▶ **Stored records**:
________________________________________

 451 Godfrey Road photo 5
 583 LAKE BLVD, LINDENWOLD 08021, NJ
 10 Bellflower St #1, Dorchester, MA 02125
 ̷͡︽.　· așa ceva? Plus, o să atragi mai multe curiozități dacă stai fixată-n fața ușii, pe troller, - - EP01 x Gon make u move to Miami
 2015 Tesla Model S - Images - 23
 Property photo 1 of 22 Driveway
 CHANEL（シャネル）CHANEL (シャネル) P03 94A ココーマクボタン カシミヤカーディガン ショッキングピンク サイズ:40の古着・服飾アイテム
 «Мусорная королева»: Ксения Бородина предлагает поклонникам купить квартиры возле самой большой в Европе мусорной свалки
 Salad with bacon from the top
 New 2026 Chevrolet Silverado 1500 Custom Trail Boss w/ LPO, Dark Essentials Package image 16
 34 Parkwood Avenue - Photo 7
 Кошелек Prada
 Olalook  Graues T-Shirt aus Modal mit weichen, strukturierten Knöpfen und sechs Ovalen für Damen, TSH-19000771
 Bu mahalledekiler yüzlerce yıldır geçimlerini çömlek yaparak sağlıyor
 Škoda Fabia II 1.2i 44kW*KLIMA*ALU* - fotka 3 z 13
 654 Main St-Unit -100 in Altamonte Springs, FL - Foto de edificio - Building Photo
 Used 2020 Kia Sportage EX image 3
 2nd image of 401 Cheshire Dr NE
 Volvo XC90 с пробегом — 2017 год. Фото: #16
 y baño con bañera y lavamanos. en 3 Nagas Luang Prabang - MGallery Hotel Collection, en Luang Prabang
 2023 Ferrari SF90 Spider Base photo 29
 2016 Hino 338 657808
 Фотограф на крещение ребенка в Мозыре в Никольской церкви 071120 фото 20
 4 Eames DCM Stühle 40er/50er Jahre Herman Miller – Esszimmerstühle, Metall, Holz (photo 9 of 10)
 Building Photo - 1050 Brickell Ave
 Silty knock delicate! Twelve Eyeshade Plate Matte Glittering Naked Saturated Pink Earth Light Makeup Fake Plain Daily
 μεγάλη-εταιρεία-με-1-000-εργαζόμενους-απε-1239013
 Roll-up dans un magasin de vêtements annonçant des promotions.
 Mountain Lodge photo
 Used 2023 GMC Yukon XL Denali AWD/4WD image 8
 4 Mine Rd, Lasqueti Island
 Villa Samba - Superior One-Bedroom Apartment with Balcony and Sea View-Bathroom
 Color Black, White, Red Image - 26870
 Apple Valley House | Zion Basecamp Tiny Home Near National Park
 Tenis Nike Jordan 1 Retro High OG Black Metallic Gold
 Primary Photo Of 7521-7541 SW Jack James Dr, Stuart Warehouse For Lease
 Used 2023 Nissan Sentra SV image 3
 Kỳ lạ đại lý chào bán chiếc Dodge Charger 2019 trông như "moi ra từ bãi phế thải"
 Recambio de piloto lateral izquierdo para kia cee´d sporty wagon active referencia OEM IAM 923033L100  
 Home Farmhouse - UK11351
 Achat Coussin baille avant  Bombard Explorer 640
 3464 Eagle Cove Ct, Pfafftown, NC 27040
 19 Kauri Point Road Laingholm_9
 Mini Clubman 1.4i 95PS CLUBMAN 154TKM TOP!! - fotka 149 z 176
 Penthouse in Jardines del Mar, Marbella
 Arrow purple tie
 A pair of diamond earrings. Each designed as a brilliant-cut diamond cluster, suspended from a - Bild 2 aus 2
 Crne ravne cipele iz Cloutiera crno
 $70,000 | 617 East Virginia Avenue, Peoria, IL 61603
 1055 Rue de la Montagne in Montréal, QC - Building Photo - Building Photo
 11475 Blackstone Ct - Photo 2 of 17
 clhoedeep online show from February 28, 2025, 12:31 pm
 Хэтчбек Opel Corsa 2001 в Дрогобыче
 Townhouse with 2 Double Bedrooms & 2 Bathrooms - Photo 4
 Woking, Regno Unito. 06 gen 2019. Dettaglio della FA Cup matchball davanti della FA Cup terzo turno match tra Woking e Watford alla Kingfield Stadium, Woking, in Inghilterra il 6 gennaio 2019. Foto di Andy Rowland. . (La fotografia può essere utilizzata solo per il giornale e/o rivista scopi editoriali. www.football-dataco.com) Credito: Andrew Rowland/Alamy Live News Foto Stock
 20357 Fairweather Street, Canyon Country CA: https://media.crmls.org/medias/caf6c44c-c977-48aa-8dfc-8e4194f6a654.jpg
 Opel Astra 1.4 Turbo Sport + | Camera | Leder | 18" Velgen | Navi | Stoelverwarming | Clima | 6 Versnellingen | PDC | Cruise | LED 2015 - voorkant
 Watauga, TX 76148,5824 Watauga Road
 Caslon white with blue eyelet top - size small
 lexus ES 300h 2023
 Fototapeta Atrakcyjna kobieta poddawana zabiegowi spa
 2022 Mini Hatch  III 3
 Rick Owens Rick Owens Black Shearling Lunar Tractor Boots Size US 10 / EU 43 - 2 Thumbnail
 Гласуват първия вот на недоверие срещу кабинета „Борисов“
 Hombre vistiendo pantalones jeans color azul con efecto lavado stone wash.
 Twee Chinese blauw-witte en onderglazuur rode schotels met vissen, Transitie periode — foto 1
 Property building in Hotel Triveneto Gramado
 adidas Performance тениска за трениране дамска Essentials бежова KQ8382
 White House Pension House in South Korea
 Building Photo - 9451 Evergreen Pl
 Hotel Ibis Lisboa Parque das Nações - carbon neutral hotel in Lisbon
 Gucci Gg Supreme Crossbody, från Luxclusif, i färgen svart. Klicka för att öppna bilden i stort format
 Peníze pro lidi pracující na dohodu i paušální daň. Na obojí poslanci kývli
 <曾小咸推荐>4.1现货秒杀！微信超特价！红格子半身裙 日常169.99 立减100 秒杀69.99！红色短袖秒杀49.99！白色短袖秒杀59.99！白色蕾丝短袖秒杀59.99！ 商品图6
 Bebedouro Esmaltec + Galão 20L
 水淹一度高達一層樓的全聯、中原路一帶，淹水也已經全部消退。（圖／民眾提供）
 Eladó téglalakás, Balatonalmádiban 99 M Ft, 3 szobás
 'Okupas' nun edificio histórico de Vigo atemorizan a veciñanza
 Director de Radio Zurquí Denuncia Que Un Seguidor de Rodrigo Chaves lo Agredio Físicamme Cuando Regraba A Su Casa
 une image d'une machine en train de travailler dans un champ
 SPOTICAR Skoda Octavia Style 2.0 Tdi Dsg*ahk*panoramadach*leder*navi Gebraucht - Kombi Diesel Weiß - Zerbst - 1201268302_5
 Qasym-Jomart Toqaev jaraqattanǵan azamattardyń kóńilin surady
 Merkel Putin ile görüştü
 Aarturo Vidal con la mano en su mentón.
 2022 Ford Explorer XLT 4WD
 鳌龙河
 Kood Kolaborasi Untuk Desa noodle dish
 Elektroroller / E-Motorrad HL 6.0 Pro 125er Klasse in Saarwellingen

________________________________________

▶ **WORK TASK**: Set down, unchanged, only those lines above that fall between the line with "2023 Ferrari SF90 Spider Base photo 29" and the line with "Home Farmhouse - UK11351", the two end lines included.

▶ **RESPONSE BOX**:
 2023 Ferrari SF90 Spider Base photo 29
 2016 Hino 338 657808
 Фотограф на крещение ребенка в Мозыре в Никольской церкви 071120 фото 20
 4 Eames DCM Stühle 40er/50er Jahre Herman Miller – Esszimmerstühle, Metall, Holz (photo 9 of 10)
 Building Photo - 1050 Brickell Ave
 Silty knock delicate! Twelve Eyeshade Plate Matte Glittering Naked Saturated Pink Earth Light Makeup Fake Plain Daily
 μεγάλη-εταιρεία-με-1-000-εργαζόμενους-απε-1239013
 Roll-up dans un magasin de vêtements annonçant des promotions.
 Mountain Lodge photo
 Used 2023 GMC Yukon XL Denali AWD/4WD image 8
 4 Mine Rd, Lasqueti Island
 Villa Samba - Superior One-Bedroom Apartment with Balcony and Sea View-Bathroom
 Color Black, White, Red Image - 26870
 Apple Valley House | Zion Basecamp Tiny Home Near National Park
 Tenis Nike Jordan 1 Retro High OG Black Metallic Gold
 Primary Photo Of 7521-7541 SW Jack James Dr, Stuart Warehouse For Lease
 Used 2023 Nissan Sentra SV image 3
 Kỳ lạ đại lý chào bán chiếc Dodge Charger 2019 trông như "moi ra từ bãi phế thải"
 Recambio de piloto lateral izquierdo para kia cee´d sporty wagon active referencia OEM IAM 923033L100  
 Home Farmhouse - UK11351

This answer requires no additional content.